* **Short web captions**
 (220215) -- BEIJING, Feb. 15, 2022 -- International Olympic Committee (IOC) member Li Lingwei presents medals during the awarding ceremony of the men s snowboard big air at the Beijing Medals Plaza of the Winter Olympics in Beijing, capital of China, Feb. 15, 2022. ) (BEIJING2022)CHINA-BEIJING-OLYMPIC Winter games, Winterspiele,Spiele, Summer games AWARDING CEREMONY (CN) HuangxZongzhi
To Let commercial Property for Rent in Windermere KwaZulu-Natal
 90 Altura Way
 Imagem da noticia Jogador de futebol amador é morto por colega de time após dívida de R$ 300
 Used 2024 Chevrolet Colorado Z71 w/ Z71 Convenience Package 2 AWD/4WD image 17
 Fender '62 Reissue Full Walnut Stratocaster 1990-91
==
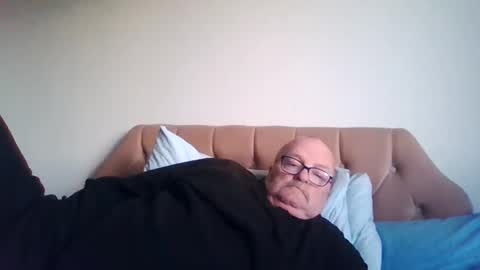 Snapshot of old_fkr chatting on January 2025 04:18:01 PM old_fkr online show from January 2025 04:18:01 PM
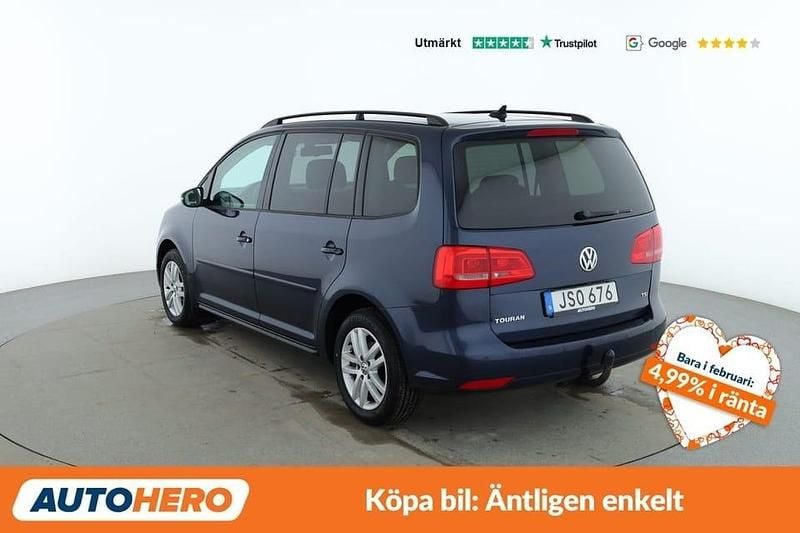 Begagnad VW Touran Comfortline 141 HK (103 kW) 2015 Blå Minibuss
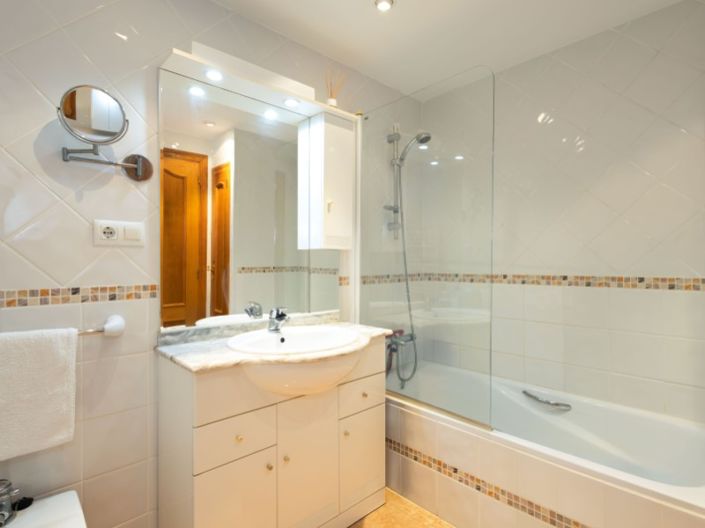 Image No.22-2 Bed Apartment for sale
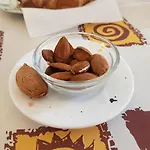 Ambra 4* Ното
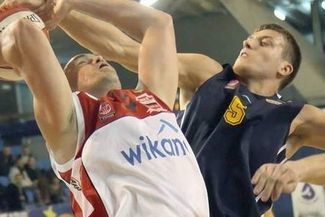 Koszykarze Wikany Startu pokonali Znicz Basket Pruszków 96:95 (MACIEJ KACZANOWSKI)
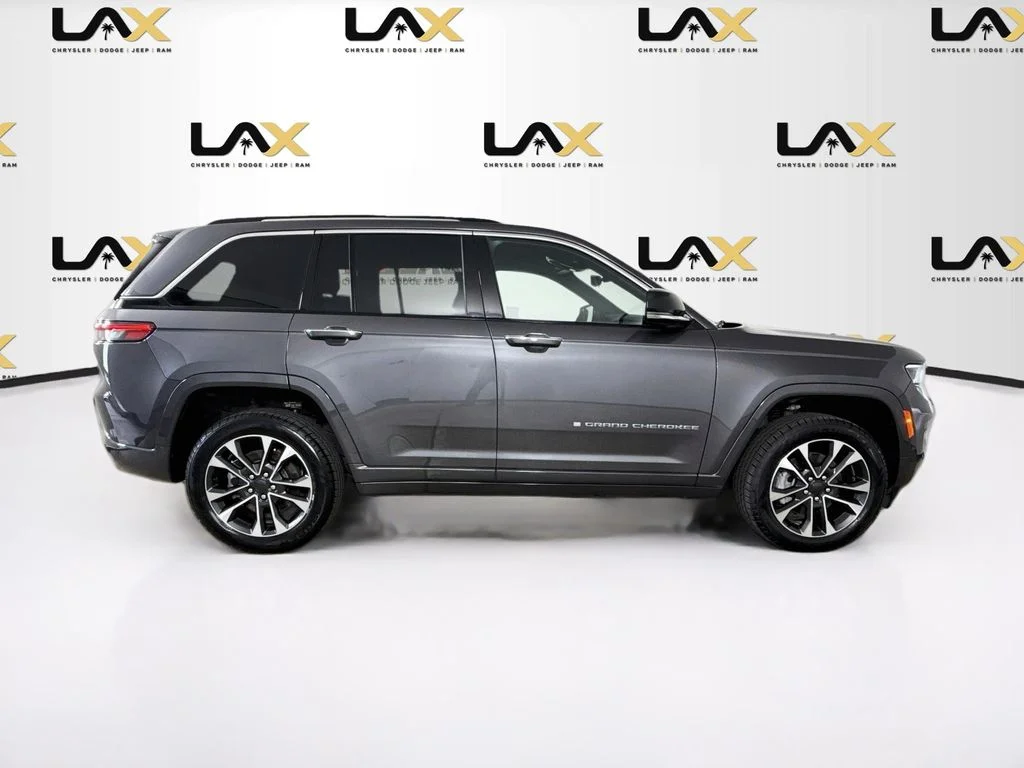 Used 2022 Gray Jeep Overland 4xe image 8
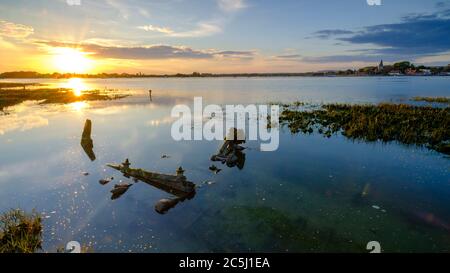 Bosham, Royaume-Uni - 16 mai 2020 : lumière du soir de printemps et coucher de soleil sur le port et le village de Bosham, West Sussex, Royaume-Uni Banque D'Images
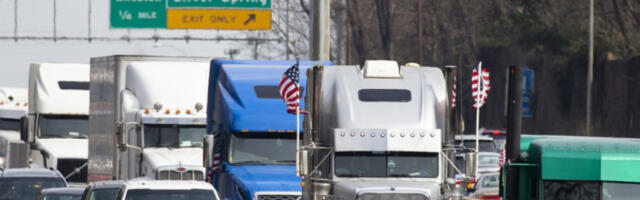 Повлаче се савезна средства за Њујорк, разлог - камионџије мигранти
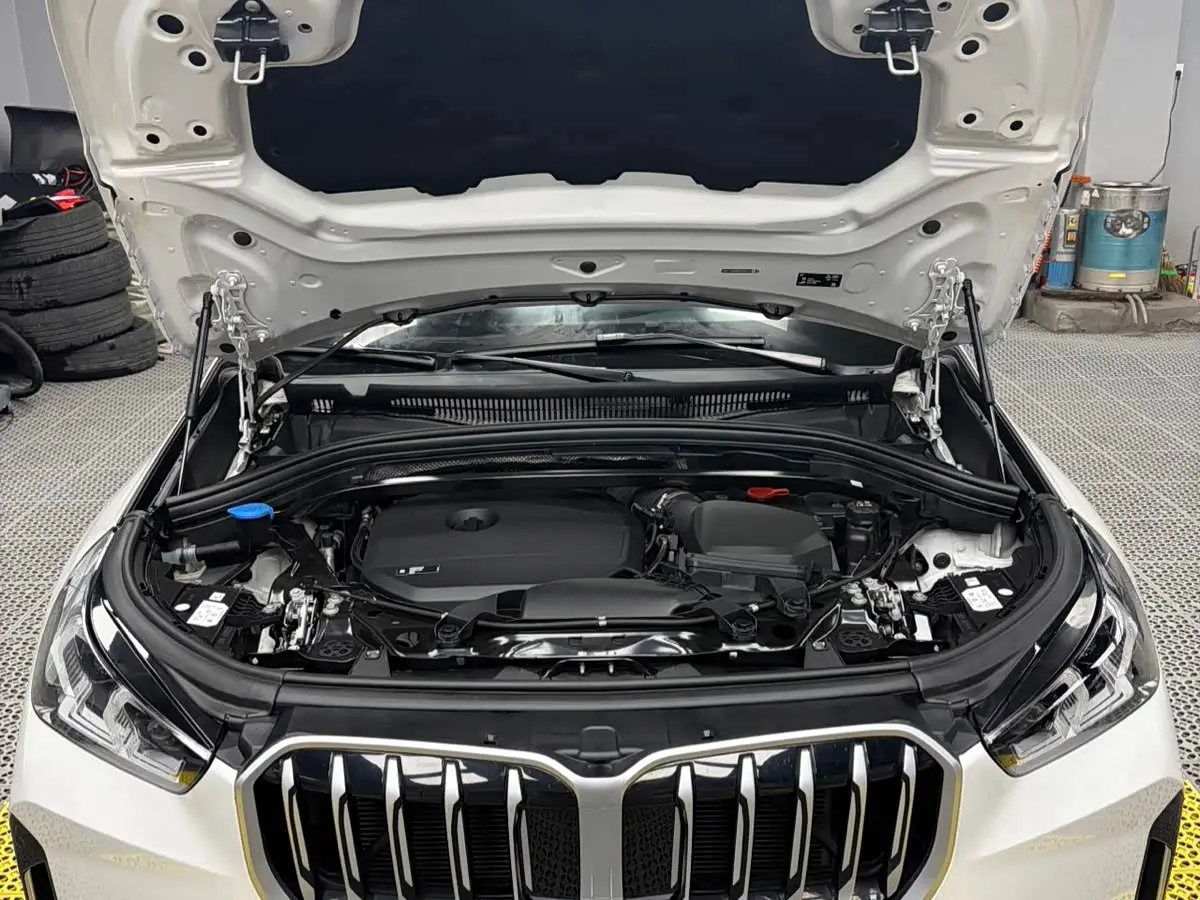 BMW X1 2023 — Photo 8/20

* **Your assignment**
Both the line containing "Bosham, Royaume-Uni - 16" and the line containing "BMW X1 2023 — Photo 8/20" above belong in the output, as do the lines between them. Print them exactly, without pictures.

* **The completed task**
 Bosham, Royaume-Uni - 16 mai 2020 : lumière du soir de printemps et coucher de soleil sur le port et le village de Bosham, West Sussex, Royaume-Uni Banque D'Images
 Повлаче се савезна средства за Њујорк, разлог - камионџије мигранти
 BMW X1 2023 — Photo 8/20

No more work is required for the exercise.